Le syndrome de l’imposteur chez les uns aggrave l’effet Dunning-Kruger chez d’autres !
Pour gérer les personnes présentant l’effet Dunning-Kruger, il faut d’abord comprendre le mécanisme de leur fonctionnement et la raison pour laquelle ils adoptent un tel comportement. Bien évidemment, la compréhension n’implique pas forcément l’excuse et la tolérance de ce type de comportements jugés nuisibles au bon fonctionnement du travail, mais permet au moins d’alléger la charge émotionnelle que l’on peut ressentir. «D’après les professeurs Dunning et Kruger, ces personnes font des cheminements réflexifs erronés et font des choix malheureux, mais leur incompétence les prive de la capacité métacognitive de le réaliser», avance Sanae Hanine. Effectivement, ajoute-t-elle, l’effet Dunning-Kruger est lié à une rationalité limitée de l’individu dans le traitement de l’information. «Il s’agit de la résultante d’un biais cognitif qui réfère à un schéma de pensée trompeur et faussement logique. Cette erreur de calibrage est donc liée à des déficits de compétences métacognitives ou à la capacité de distinguer la précision de l’erreur», clarifie-t-elle. Cela dit, ajoute l’experte, pour donner un sens à un événement ou juger d’un fait, le cerveau va puiser dans les méta-informations constituées des croyances subjectives inconscientes, des préjugés et des idées toutes faites que l’individu a engrangés le long de sa vie. Ce système de pensée paraît cohérent, mais il est biaisé. Le risque de jugement erroné devient alors important. Et ce n’est pas tout ! Il existe bel et bien d’autres facteurs qui pourraient nous éclairer encore plus sur ce phénomène. On peut citer à titre d’exemple l’entourage professionnel de la personne. On parle ici du syndrome de l’imposteur qui, en se sous-estimant et en reniant son apport dans la réussite collective, contribue fortement à l’amplification de l’effet Dunning-Kruger chez la personne qui s’estime de manière excessive. Le syndrome de l’imposteur suppose qu’une personne, bien qu’elle soit compétente, cherche souvent à attribuer ses réussites à d’autres facteurs tels que la chance. «Ce syndrome s’explique, entre autres, par une peur constante de l’échec et de ne pas être à la hauteur», clarifie Sanae Hanine.

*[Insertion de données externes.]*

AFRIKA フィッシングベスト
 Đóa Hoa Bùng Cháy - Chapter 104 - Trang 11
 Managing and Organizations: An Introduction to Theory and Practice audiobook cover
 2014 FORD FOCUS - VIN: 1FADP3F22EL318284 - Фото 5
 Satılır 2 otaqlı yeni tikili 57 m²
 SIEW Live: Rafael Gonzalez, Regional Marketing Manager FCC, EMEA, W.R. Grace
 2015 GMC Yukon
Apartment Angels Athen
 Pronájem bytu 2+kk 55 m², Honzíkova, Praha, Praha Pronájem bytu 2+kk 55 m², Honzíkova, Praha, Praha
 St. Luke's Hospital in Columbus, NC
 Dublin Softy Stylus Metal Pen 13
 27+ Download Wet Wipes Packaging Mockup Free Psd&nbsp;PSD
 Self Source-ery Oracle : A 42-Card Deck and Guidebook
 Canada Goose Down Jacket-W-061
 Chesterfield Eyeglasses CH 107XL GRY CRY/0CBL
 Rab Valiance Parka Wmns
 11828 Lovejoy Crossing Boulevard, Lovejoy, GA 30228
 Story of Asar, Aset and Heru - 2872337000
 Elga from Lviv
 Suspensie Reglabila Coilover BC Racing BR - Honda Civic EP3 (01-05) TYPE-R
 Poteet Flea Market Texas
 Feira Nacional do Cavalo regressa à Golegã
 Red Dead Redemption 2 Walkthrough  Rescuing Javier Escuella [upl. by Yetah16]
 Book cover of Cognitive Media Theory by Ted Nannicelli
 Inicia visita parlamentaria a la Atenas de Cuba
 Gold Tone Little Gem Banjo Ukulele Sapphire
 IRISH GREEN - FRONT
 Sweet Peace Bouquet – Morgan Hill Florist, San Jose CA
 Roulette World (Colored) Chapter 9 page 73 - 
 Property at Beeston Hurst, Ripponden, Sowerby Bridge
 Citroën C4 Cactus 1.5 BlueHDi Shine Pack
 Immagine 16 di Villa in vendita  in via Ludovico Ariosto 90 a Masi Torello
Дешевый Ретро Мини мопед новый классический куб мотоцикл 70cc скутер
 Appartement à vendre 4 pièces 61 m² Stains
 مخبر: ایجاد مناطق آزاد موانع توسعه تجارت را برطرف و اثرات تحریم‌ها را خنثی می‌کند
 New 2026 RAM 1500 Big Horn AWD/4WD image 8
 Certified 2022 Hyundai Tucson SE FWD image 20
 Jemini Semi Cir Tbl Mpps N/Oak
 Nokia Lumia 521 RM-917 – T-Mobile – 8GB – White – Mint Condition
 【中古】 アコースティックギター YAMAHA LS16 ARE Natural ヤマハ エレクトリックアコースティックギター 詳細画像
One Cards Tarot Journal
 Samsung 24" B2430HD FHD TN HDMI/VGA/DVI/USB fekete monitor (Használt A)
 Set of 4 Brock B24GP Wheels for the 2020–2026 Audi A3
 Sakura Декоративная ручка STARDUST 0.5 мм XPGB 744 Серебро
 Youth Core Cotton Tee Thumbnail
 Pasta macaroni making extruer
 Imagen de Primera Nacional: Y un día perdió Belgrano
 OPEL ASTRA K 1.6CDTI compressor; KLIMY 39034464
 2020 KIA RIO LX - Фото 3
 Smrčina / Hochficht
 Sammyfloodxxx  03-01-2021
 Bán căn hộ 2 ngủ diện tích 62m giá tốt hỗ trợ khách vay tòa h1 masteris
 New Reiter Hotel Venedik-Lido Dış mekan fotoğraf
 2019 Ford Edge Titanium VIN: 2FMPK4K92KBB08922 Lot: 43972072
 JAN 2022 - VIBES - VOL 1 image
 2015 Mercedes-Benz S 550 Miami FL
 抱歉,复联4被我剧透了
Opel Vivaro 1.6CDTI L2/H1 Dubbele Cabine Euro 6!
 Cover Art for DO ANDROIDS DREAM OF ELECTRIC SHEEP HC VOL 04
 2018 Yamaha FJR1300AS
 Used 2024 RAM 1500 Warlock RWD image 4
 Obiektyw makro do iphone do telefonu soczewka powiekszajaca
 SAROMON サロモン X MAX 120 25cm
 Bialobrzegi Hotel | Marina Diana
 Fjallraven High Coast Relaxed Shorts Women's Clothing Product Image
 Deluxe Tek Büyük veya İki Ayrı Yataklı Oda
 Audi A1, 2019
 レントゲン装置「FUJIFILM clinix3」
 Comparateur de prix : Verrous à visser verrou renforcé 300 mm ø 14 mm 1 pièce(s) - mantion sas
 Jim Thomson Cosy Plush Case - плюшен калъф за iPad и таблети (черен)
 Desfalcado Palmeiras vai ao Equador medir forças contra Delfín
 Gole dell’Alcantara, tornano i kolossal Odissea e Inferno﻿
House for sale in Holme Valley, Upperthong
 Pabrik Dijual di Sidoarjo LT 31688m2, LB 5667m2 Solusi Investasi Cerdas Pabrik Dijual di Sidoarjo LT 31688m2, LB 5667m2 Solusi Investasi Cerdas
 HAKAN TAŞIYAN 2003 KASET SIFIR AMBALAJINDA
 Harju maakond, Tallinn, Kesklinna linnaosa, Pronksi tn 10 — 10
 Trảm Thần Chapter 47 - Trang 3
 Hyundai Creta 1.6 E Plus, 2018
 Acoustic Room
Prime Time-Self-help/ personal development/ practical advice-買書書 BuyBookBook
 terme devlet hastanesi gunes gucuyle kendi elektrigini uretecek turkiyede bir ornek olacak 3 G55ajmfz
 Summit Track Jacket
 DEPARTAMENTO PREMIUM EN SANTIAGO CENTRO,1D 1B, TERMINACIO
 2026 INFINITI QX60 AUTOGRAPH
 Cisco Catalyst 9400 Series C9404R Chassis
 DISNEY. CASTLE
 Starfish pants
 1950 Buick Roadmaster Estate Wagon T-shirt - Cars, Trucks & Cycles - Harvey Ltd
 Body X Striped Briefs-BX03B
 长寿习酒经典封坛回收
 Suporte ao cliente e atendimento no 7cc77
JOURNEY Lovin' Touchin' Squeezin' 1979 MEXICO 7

Comment composer avec une personne qui se croit supérieure aux autres ?
Effet Dunning-Kruger, syndrome de l’imposteur… L’entreprise est le milieu socio-professionnel où cohabitent différents profils. C’est d’ailleurs cette différence qui contribue à l’enrichissement de l’entreprise. Qu’on le veuille ou non, nous sommes obligés de «cohabiter» avec les différents profils qui existent. En présence d’une personne Dunning-Kruger, il y a deux manières d’agir : Soit on l’accepte tel qu’il est, ce qui n’est pas toujours évident, soit on cherche à le recadrer. La méthode du questionnement reste la plus recommandée dans ce cas de figure. «Il s’agit là de lui poser des questions ouvertes pour le déstabiliser et faire tomber ses résistances», recommande Jihane Benslimane, experte en stratégie et management RH et directrice exécutive du cabinet Hera Consulting Group. Toutefois, force est de reconnaître que pour être en mesure de gérer tout type de profil, il faut d’abord être conscient de son propre mode de fonctionnement. C’est là où réside l’importance du travail sur soi en vue de développer les compétences relationnelles fortement requises pour une carrière réussie. Cela s’applique évidemment pour le profil Dunning-Kruger !  


Un manager qui «sait tout», un défi de plus en temps de crise !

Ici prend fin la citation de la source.